The Liberty Council on Tuesday filed a Notice of Appeal on behalf of Dixie County, Fla., at the Eleventh Circuit Court of Appeals to defend the county’s Open Forum policy. The policy allows private displays of law and history, including the Ten Commandments.

Liberty Counsel represents Dixie County in a federal lawsuit the ACLU filed in 2007 after the county permitted a local resident to erect a Ten Commandments monument outside the county courthouse, where other private displays are also allowed.

Joe H. Anderson, Jr., a longtime resident, businessman, and benefactor in Dixie County, erected the Ten Commandments monument in question. Anderson placed his monument in the Open Forum without any government funds with the county’s permission. Anderson owns and maintains the monument, not the county.

The U.S. District Court in the Northern District of Florida ruled against Dixie County, ordering the Ten Commandments monument be removed by Aug. 14. The court claimed it violates the Establishment Clause of the First Amendment. Noteworthy is the fact that the plaintiff the ACLU represents does not live in the county, has never lived in the county and has no intent to ever return to the county.

“Dixie County is not establishing a religion by allowing a private individual to place a monument in a location where similar monuments may be placed,” says Mathew D. Staver, Founder of Liberty Counsel and Dean of Liberty University School of Law. “Dixie County should be applauded, not sued, for fostering open and robust speech in a public forum. Rather than take advantage of the forum, the ACLU prefers to censor speech with which it disagrees.”

Liberty Counsel will argue on appeal that the case should be dismissed because the plaintiff has no standing to sue. Liberty Counsel will also argue that the case presents a free speech, not an Establishment Clause, issue.

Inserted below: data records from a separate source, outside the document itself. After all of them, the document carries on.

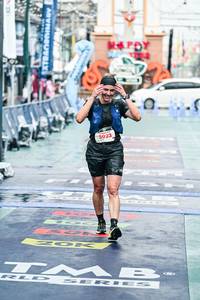 BIB: 
                            <button type="button" onclick="openModal(26471178)" class="btn btn-primary btn-sm float-right btn-popup" data-toggle="modal" data-target=".modal-high-quality">
                        <i class="fas fa-shopping-cart"></i> Add to Cart
                    </button>
                                            <button type="button" onclick="isThisMe(26471178, true)" class="btn btn-success btn-sm float-right btn-popup btn-isme hidden" data-toggle="tooltip" data-placement="bottom" title="นี่คือรูปของคุณใช่ไหม คลิกที่นี่เพื่อเอาเข้าอัลบั้ม">
                        <i class="fas fa-plus"></i> Add to album
                    </button>
                    <button type="button" onclick="isThisMe(26471178, false)" class="btn btn-warning btn-sm float-right btn-popup btn-isnotme hidden">
                        <i class="fas fa-ban"></i> Remove from album
                    </button>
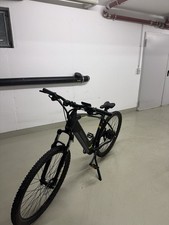 Zündapp Z808 E Bike 27,5"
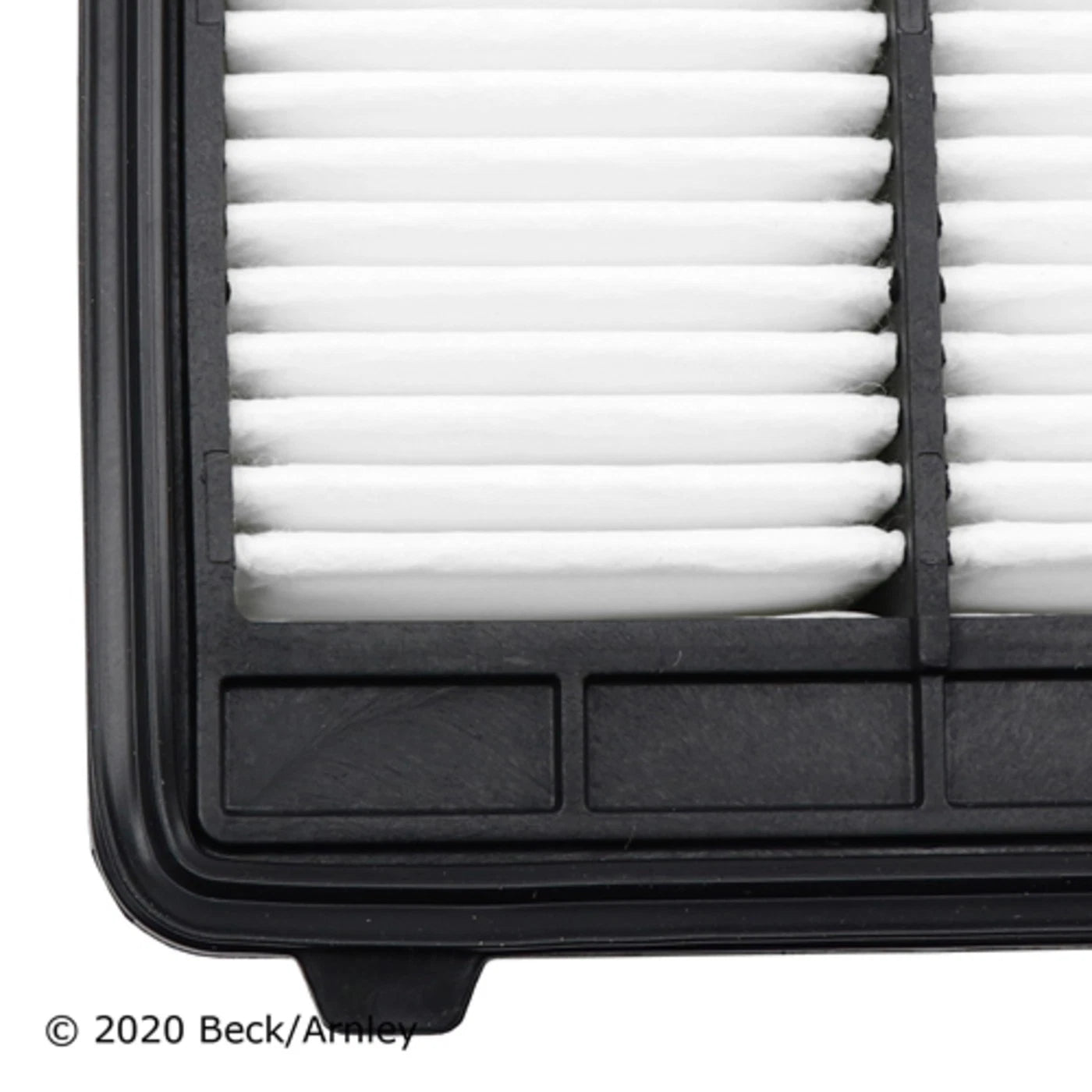 Air Filters for Honda CR-Z (2011–2016)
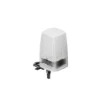 Picture of Teltonika Pr1ica70 Network Antenna Omni-Directional Antenna Sma 28 Dbi - Pr1ica70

The Open Forum policy allows private citizens to erect private historical displays at their own expense. 

 “The Ten Commandments are universally recognized as a symbol of the law and are appropriate for display in courthouses and similar settings,” Staver says. “Public display of the Commandments is consistent with our nation’s history and with the First Amendment. There are more than 50 depictions of the Ten Commandments at the U.S. Supreme Court, and there have been thousands of displays throughout the country for many years.”

Liberty Counsel prevailed in cases at the Sixth and Seventh Circuit Courts of Appeal against challenges brought by the ACLU involving government-sponsored displays of the Ten Commandments.